Après plusieurs recours portés devant la Chambre de recours de l’OHMI (OHMI Chbre de Recours 21 janv 2009 aff. R551/2008-1), le TPUE (Trib. UE 24 nov. 2010, aff T-137-09 : http://curia.europa.eu/juris/liste.jsf?language=fr&td=ALL&num=T-137/09%20RENV), la CJUE (CJUE 19 janv 2012 aff. C-53/11 P : http://curia.europa.eu/juris/liste.jsf?num=C-53/11&language=FR) puis finalement, sur renvoi, une nouvelle fois devant le TPUE, le recours de la société Nike a été déclaré irrecevable aux motifs que :

– la preuve d’une cession en sa faveur de la marque antérieure non enregistrée, ou signe utilisé dans la vie des affaires invoqué à l’appui de l’opposition, n’a pas été rapportée,
– le contrat produit comportant une liste précise et détaillée des treize demandes d’enregistrement du signe R10 et stipulant expressément que « à la lumière de ce qui précède, le cédant cède au cessionnaire et à ses ayants cause l’ensemble des droits, titres et intérêts relatifs aux marques précitées ainsi que le fonds de commerce représenté par ces marques, y compris les droits de common law et autres droits attachés auxdites marques ainsi que les prétentions, demandes et motifs de recours (que ce soit en droit ou en « equity ») », le TPUE a considéré que celui-ci ne concernait que la cession d’enregistrement et de demande de marques, à l’exclusion des marques non enregistrées dans la mesure où aucune clause ne mentionnait ces dernières ;
– en produisant cette convention, Nike n’a pas suffisamment justifié de sa qualité de titulaire du droit, et ce sans qu’il ne puisse être fait grief à la Chambre de recours de l’OHMI de ne pas l’avoir invité à justifier plus avant de sa titularité ; cette justification (entrant dans le champ d’une irrégularité absolue) étant exclusivement possible à la seule initiative de la partie requérante dans le délai du recours
(Trib. UE 12 juin 2014, aff T-137-09 RENV http://curia.europa.eu/juris/liste.jsf?language=fr&td=ALL&num=T-137/09%20RENV)
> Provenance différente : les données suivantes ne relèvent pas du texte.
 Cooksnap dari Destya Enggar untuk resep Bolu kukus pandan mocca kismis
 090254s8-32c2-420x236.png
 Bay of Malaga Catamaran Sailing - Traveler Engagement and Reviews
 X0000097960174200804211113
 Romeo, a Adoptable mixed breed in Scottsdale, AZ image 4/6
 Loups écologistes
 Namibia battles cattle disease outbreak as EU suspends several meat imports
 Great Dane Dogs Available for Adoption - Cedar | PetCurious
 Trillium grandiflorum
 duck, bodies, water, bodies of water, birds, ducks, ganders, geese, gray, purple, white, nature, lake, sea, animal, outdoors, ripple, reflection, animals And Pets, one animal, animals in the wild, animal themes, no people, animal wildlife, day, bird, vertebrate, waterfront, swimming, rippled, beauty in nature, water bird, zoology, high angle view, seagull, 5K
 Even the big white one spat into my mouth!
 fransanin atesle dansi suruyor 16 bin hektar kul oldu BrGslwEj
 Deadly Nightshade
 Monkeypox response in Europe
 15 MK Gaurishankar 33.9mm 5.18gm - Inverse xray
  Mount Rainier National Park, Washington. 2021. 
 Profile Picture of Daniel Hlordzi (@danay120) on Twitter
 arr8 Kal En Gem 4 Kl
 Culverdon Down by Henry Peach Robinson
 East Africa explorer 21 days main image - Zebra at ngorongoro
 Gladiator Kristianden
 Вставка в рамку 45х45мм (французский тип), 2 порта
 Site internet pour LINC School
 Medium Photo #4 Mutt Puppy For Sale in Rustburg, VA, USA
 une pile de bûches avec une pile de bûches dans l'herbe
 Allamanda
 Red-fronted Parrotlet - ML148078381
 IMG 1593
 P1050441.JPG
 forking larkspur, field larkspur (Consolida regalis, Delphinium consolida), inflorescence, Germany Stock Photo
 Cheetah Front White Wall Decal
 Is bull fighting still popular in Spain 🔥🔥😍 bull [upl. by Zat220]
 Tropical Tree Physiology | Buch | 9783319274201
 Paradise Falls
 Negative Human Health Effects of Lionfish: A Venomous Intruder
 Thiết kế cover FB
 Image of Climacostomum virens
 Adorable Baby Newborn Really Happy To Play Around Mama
 Ce qu’il est donc important de retenir à la lumière de cette  affaire :

– ne pas oublier le cas échéant de lister et faire un état de ses signes non enregistrés, utilisés dans la vie des affaires, pour désigner des produits et services car, bien que secondaires par rapport aux marques enregistrées, ils constituent des actifs valorisables et cessibles,

– être très attentif à la rédaction des conventions de cession en s’assurant qu’elle couvre l’ensemble des droits, titres et intérêts concernés, en prenant soin de nommer les signes non enregistrés exploités concernés et leurs détails (territoire d’exploitation etc…), afin que leur portée/validité ne soit pas soumise à interprétation,

bien réfléchir en amont à sa stratégie de réaction contre une marque gênante, en anticipant au regard du contexte et en choisissant le droit le plus pertinent sur lequel se fonder ; les débats ici ayant pu être évités si la marque avait par exemple été déposé en son temps,

bien étayer, dans le cadre d’un recours, ses fondements sans attendre d’y être invité par la juridiction saisie pour aller droit au but !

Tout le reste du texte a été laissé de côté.